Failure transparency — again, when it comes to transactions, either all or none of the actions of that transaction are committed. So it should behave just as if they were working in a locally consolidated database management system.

_____

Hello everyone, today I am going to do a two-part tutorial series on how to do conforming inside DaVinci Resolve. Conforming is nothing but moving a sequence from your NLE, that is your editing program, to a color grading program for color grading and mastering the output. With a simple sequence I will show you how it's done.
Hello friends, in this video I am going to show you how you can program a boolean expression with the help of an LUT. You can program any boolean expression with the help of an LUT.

_____

YOUR TASK. Across the records, count the lines holding the string "show". Give the number and stop.

EXPECTED ANSWER. 2